Data excerpts.
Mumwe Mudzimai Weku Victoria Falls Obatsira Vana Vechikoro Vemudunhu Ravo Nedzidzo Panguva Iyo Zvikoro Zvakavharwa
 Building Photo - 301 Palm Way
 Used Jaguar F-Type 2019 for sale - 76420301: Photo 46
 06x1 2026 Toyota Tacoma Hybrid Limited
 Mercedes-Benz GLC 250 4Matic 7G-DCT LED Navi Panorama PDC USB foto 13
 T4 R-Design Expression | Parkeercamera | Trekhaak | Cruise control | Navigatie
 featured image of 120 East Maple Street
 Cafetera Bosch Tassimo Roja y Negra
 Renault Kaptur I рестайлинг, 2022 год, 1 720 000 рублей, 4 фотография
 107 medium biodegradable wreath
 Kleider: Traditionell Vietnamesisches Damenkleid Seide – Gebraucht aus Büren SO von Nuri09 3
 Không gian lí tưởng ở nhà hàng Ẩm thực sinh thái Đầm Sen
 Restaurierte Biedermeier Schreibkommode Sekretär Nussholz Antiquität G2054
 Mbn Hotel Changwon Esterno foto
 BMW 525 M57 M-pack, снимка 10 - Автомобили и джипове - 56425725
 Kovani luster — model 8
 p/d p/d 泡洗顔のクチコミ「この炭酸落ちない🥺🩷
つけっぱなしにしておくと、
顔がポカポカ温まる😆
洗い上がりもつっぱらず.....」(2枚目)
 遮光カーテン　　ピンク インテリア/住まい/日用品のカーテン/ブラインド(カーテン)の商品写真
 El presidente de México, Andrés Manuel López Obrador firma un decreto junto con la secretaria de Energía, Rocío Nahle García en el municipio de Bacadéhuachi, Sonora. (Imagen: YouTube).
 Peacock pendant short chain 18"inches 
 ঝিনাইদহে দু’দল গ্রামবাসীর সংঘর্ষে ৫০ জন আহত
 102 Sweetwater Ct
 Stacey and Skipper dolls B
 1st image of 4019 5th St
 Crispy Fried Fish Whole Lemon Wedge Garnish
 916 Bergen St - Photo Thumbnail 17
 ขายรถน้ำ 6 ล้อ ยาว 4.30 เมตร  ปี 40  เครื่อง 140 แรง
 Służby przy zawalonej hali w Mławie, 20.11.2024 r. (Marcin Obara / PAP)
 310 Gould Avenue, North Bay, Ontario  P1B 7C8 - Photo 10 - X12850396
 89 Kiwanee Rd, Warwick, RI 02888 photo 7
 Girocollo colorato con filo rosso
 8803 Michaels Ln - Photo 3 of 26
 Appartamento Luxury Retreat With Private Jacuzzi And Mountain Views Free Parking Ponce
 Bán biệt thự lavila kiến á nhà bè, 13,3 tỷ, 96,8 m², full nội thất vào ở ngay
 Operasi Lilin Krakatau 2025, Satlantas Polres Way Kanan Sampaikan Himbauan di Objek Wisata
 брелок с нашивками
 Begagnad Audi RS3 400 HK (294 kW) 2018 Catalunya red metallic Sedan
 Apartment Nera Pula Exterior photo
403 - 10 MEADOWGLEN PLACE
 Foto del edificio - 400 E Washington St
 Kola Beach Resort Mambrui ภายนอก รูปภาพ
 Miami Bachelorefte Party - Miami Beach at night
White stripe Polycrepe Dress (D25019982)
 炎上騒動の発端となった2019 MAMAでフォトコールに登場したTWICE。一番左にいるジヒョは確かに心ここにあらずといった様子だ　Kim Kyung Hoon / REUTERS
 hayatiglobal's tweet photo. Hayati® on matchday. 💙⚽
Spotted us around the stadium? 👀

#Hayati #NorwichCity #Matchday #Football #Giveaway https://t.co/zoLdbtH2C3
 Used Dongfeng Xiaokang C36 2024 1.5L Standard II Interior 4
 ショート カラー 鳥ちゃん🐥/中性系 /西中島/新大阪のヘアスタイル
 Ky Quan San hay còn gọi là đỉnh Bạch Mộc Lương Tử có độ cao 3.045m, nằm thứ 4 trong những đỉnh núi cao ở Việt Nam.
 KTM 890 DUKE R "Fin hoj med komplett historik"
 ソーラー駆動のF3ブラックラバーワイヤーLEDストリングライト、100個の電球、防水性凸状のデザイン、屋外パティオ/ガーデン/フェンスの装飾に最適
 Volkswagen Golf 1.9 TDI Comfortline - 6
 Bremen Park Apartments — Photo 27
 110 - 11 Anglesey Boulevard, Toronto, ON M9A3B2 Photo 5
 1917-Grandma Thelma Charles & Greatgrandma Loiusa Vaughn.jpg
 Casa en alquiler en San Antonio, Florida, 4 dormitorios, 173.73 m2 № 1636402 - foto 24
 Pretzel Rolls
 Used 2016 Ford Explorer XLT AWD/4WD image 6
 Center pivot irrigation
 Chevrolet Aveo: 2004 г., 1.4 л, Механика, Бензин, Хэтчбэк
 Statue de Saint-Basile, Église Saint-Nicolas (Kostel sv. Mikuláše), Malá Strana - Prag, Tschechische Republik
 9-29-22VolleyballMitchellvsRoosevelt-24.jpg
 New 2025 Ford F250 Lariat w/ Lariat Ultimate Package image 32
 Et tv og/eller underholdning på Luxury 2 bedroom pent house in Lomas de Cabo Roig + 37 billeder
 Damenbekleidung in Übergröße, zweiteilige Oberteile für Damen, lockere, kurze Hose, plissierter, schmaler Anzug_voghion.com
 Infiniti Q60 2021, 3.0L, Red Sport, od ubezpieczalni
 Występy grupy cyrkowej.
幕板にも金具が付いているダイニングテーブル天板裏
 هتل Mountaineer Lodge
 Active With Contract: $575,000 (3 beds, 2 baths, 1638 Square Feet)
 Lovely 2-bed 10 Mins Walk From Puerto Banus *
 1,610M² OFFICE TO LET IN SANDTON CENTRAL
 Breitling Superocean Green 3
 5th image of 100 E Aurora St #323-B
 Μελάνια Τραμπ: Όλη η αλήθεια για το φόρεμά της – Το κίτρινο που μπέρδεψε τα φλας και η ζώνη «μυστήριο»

What is expected. Please return the data above exactly as given.

Task solution.
Mumwe Mudzimai Weku Victoria Falls Obatsira Vana Vechikoro Vemudunhu Ravo Nedzidzo Panguva Iyo Zvikoro Zvakavharwa
 Building Photo - 301 Palm Way
 Used Jaguar F-Type 2019 for sale - 76420301: Photo 46
 06x1 2026 Toyota Tacoma Hybrid Limited
 Mercedes-Benz GLC 250 4Matic 7G-DCT LED Navi Panorama PDC USB foto 13
 T4 R-Design Expression | Parkeercamera | Trekhaak | Cruise control | Navigatie
 featured image of 120 East Maple Street
 Cafetera Bosch Tassimo Roja y Negra
 Renault Kaptur I рестайлинг, 2022 год, 1 720 000 рублей, 4 фотография
 107 medium biodegradable wreath
 Kleider: Traditionell Vietnamesisches Damenkleid Seide – Gebraucht aus Büren SO von Nuri09 3
 Không gian lí tưởng ở nhà hàng Ẩm thực sinh thái Đầm Sen
 Restaurierte Biedermeier Schreibkommode Sekretär Nussholz Antiquität G2054
 Mbn Hotel Changwon Esterno foto
 BMW 525 M57 M-pack, снимка 10 - Автомобили и джипове - 56425725
 Kovani luster — model 8
 p/d p/d 泡洗顔のクチコミ「この炭酸落ちない🥺🩷
つけっぱなしにしておくと、
顔がポカポカ温まる😆
洗い上がりもつっぱらず.....」(2枚目)
 遮光カーテン　　ピンク インテリア/住まい/日用品のカーテン/ブラインド(カーテン)の商品写真
 El presidente de México, Andrés Manuel López Obrador firma un decreto junto con la secretaria de Energía, Rocío Nahle García en el municipio de Bacadéhuachi, Sonora. (Imagen: YouTube).
 Peacock pendant short chain 18"inches 
 ঝিনাইদহে দু’দল গ্রামবাসীর সংঘর্ষে ৫০ জন আহত
 102 Sweetwater Ct
 Stacey and Skipper dolls B
 1st image of 4019 5th St
 Crispy Fried Fish Whole Lemon Wedge Garnish
 916 Bergen St - Photo Thumbnail 17
 ขายรถน้ำ 6 ล้อ ยาว 4.30 เมตร  ปี 40  เครื่อง 140 แรง
 Służby przy zawalonej hali w Mławie, 20.11.2024 r. (Marcin Obara / PAP)
 310 Gould Avenue, North Bay, Ontario  P1B 7C8 - Photo 10 - X12850396
 89 Kiwanee Rd, Warwick, RI 02888 photo 7
 Girocollo colorato con filo rosso
 8803 Michaels Ln - Photo 3 of 26
 Appartamento Luxury Retreat With Private Jacuzzi And Mountain Views Free Parking Ponce
 Bán biệt thự lavila kiến á nhà bè, 13,3 tỷ, 96,8 m², full nội thất vào ở ngay
 Operasi Lilin Krakatau 2025, Satlantas Polres Way Kanan Sampaikan Himbauan di Objek Wisata
 брелок с нашивками
 Begagnad Audi RS3 400 HK (294 kW) 2018 Catalunya red metallic Sedan
 Apartment Nera Pula Exterior photo
403 - 10 MEADOWGLEN PLACE
 Foto del edificio - 400 E Washington St
 Kola Beach Resort Mambrui ภายนอก รูปภาพ
 Miami Bachelorefte Party - Miami Beach at night
White stripe Polycrepe Dress (D25019982)
 炎上騒動の発端となった2019 MAMAでフォトコールに登場したTWICE。一番左にいるジヒョは確かに心ここにあらずといった様子だ　Kim Kyung Hoon / REUTERS
 hayatiglobal's tweet photo. Hayati® on matchday. 💙⚽
Spotted us around the stadium? 👀

#Hayati #NorwichCity #Matchday #Football #Giveaway https://t.co/zoLdbtH2C3
 Used Dongfeng Xiaokang C36 2024 1.5L Standard II Interior 4
 ショート カラー 鳥ちゃん🐥/中性系 /西中島/新大阪のヘアスタイル
 Ky Quan San hay còn gọi là đỉnh Bạch Mộc Lương Tử có độ cao 3.045m, nằm thứ 4 trong những đỉnh núi cao ở Việt Nam.
 KTM 890 DUKE R "Fin hoj med komplett historik"
 ソーラー駆動のF3ブラックラバーワイヤーLEDストリングライト、100個の電球、防水性凸状のデザイン、屋外パティオ/ガーデン/フェンスの装飾に最適
 Volkswagen Golf 1.9 TDI Comfortline - 6
 Bremen Park Apartments — Photo 27
 110 - 11 Anglesey Boulevard, Toronto, ON M9A3B2 Photo 5
 1917-Grandma Thelma Charles & Greatgrandma Loiusa Vaughn.jpg
 Casa en alquiler en San Antonio, Florida, 4 dormitorios, 173.73 m2 № 1636402 - foto 24
 Pretzel Rolls
 Used 2016 Ford Explorer XLT AWD/4WD image 6
 Center pivot irrigation
 Chevrolet Aveo: 2004 г., 1.4 л, Механика, Бензин, Хэтчбэк
 Statue de Saint-Basile, Église Saint-Nicolas (Kostel sv. Mikuláše), Malá Strana - Prag, Tschechische Republik
 9-29-22VolleyballMitchellvsRoosevelt-24.jpg
 New 2025 Ford F250 Lariat w/ Lariat Ultimate Package image 32
 Et tv og/eller underholdning på Luxury 2 bedroom pent house in Lomas de Cabo Roig + 37 billeder
 Damenbekleidung in Übergröße, zweiteilige Oberteile für Damen, lockere, kurze Hose, plissierter, schmaler Anzug_voghion.com
 Infiniti Q60 2021, 3.0L, Red Sport, od ubezpieczalni
 Występy grupy cyrkowej.
幕板にも金具が付いているダイニングテーブル天板裏
 هتل Mountaineer Lodge
 Active With Contract: $575,000 (3 beds, 2 baths, 1638 Square Feet)
 Lovely 2-bed 10 Mins Walk From Puerto Banus *
 1,610M² OFFICE TO LET IN SANDTON CENTRAL
 Breitling Superocean Green 3
 5th image of 100 E Aurora St #323-B
 Μελάνια Τραμπ: Όλη η αλήθεια για το φόρεμά της – Το κίτρινο που μπέρδεψε τα φλας και η ζώνη «μυστήριο»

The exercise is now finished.